Agnes Varda is happy, but not proud, of her Oscar nomination

LOS ANGELES (AP) — Documentarian Agnes Varda is not only the oldest person ever nominated for an Academy Award, she’s the first woman to receive an honorary Oscar and a competitive nomination in the same season. And while she’s quite delighted by the recognition, the 89-year-old notes that she is “not proud.”

She is so not proud that she mentions it several times during a brief telephone interview from her home in France last month after learning that “Faces Places” was nominated for best documentary feature.

“There is nothing to be proud of, but happy,” Varda said. “Happy because we make films to love. We make films so that you love the film.”

She sees herself as more modest than proud.

“I love my own work and I’ve done it for so many years, so I didn’t do it for honor or money,” she said. “My films never made money.”

Varda shares the Oscar nod with her co-director, JR, and her daughter, Rosalie Varda, who produced “Faces Places.”

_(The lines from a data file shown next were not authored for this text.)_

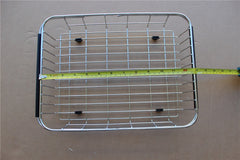 304 Stainless steel colander / basket (33cm x 25cm) - 5233LC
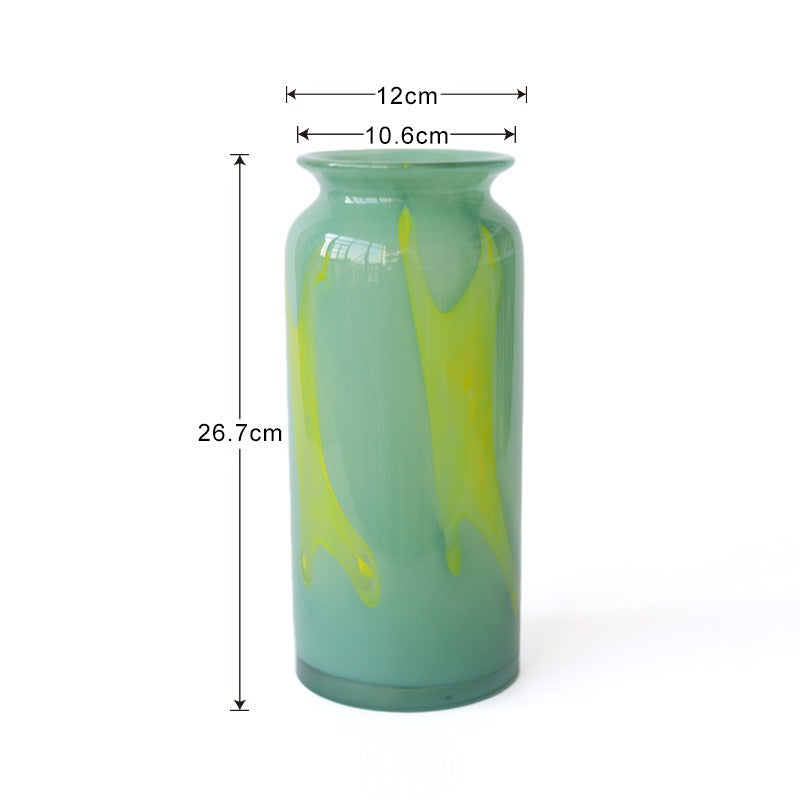 Olive Crest Vase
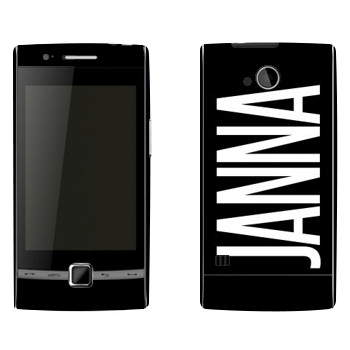   «Janna»   Huawei U8500 (Beeline E300,  EVO)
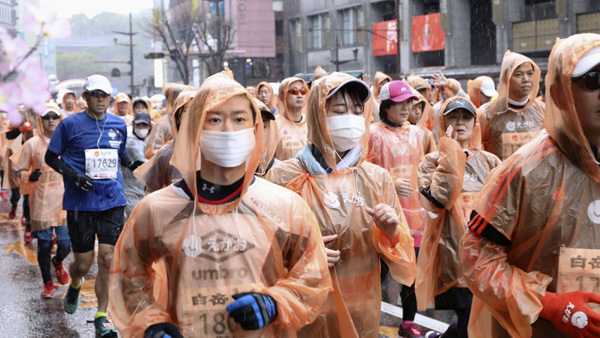 다음달 1일 도쿄마라톤, 코로나19 확산에 '일반인 참가 축소' 검토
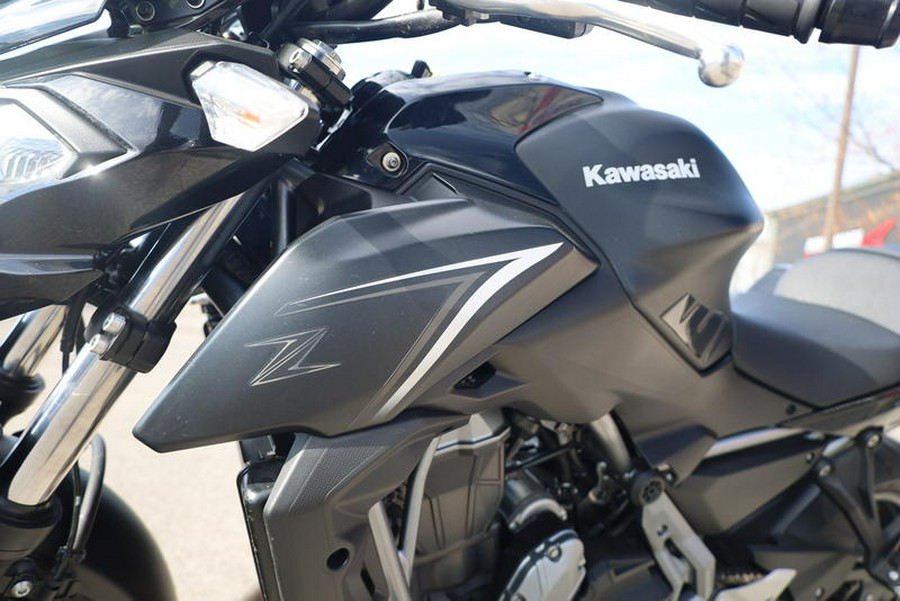 2017 Kawasaki Z650 ABS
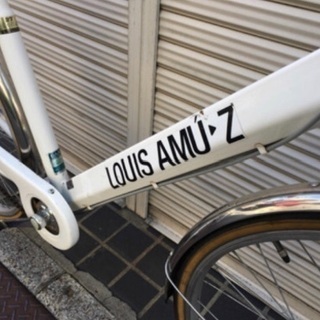 ２７インチ自転車 内装3段ギヤ オートライト カゴ新品 新品カギ付きの画像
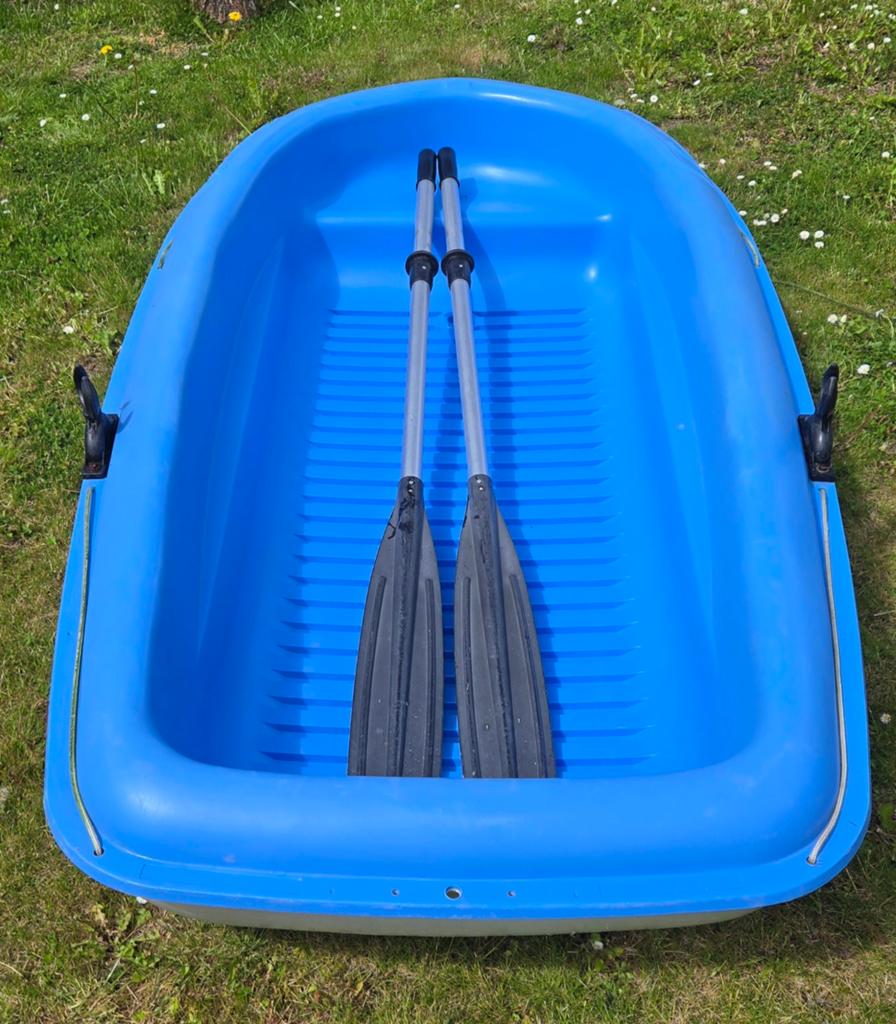 Bic Sportyak 213 roeiboot met roeispanen, Watersport en Boten, Ophalen, Gebruikt, Met peddels, Overige typen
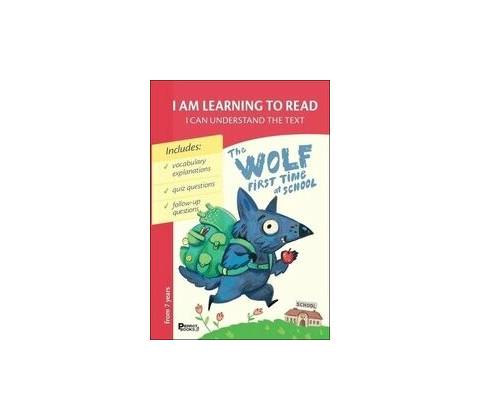 Wolf First Time at School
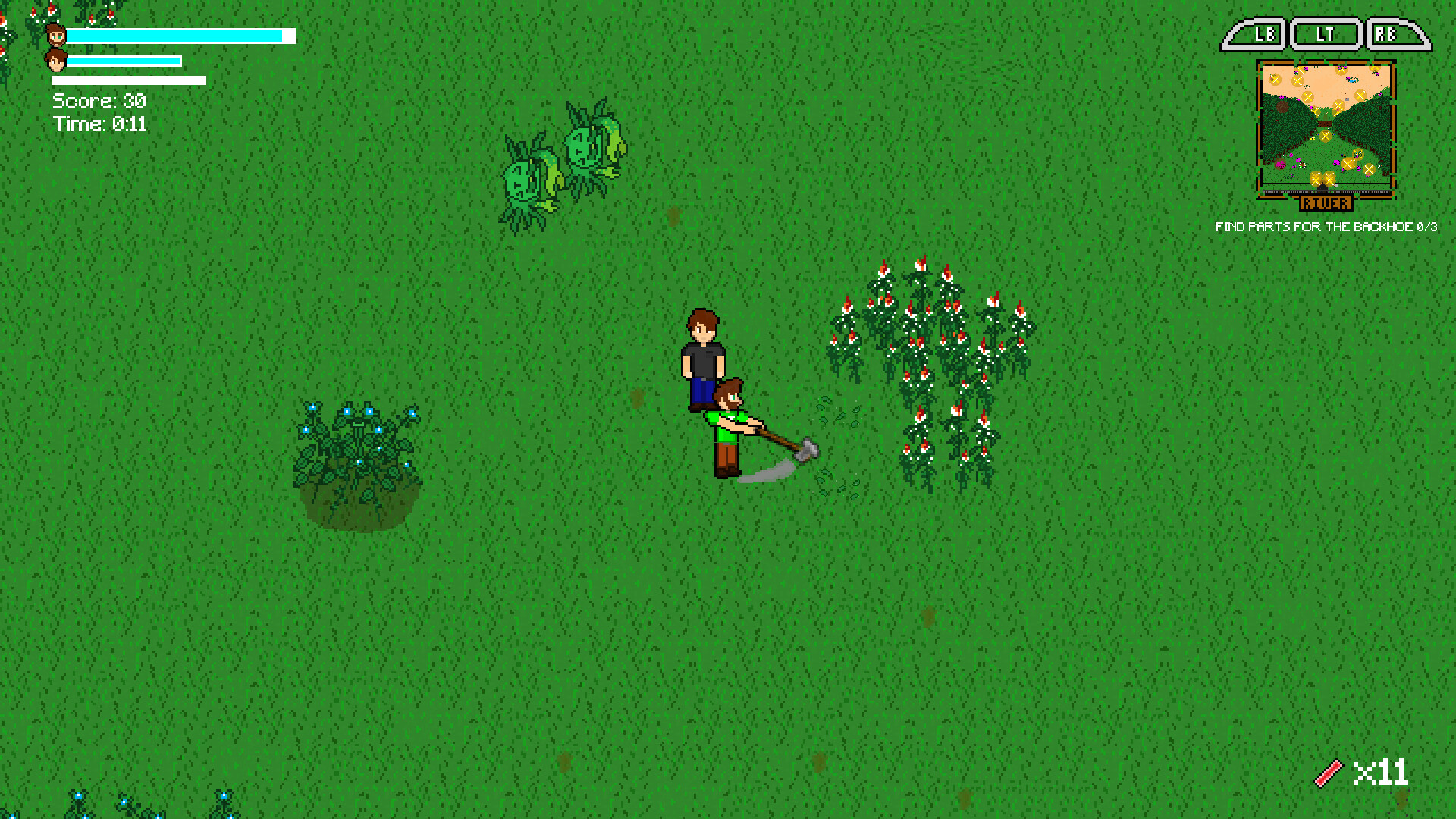 Weed Wacker Warrior screenshot #4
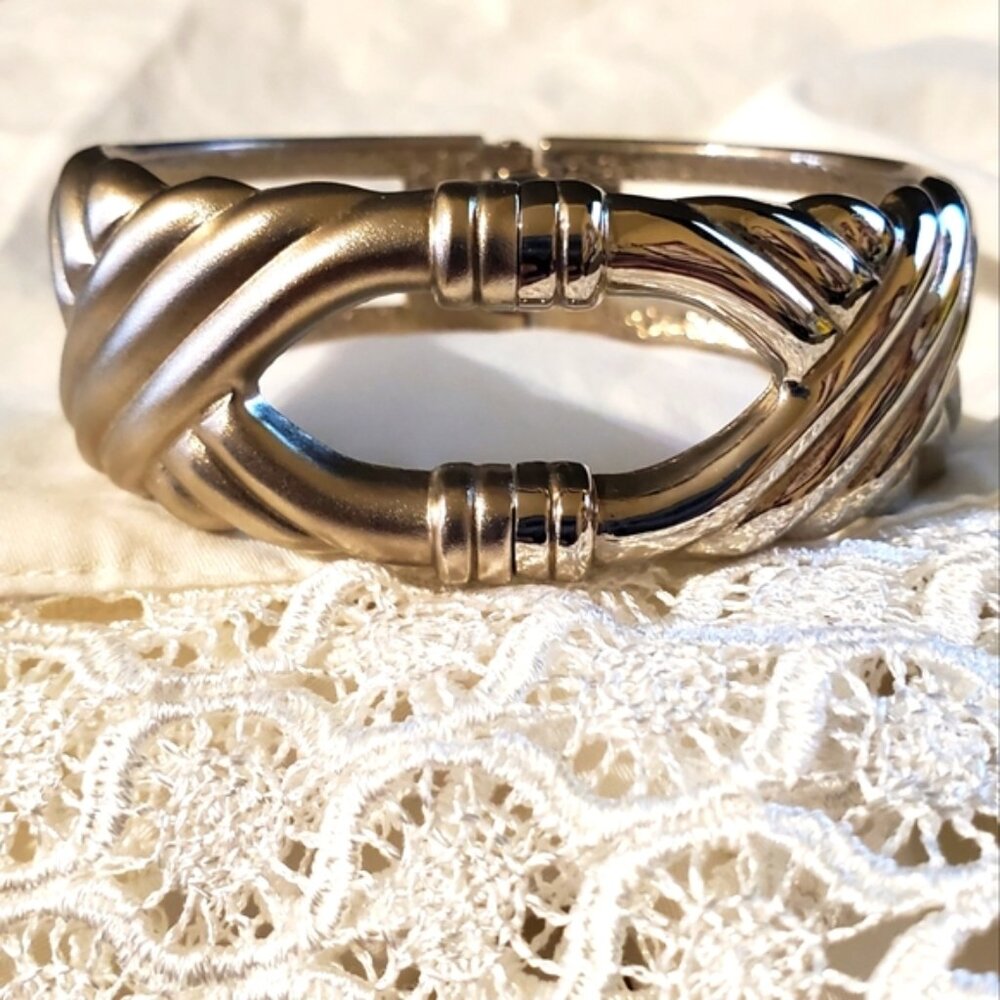 Cuff Hinged Bracelet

The film was inspired by the elder Varda’s connection with JR, a 34-year-old street artist known for installing massive portraits on real-world landscapes: a boy peering over a border wall in Mexico, a pair of giant eyes on a pair of water tanks. The film follows the French New Wave pioneer and journeyman photographer as they travel through France, meeting people, capturing their images and talking about art.

Varda said they spent more than a year and a half making the film, diligently shooting one week a month.

“I could not shoot more than one week a month,” she said. “Because it leaves me tired, you know. I’m old!”

“Faces Places” was released in U.S. theaters in October.

She did not attend Monday’s luncheon for nominees, but JR made sure she was in the class photo: he brought a cardboard cutout of Varda holding a cat that he displayed on the red carpet and on the risers with the rest of the assembled nominees.

In November, Varda danced with Angelina Jolie at the film academy’s Governors Awards, where Varda received an honorary Academy Award recognizing her decades of filmmaking.

“Everyone was there in the room, so I was very welcomed and I felt very good,” she recalled of the untelevised ceremony.

The honor came with an invitation to the 90th Academy Awards on March 4, so Varda was already planning to attend with her daughter, even before they were nominated.

“But I won’t change my hair, my double-color hair,” Varda said, though no one has suggested she should. “We are happy. Nothing to be proud of.”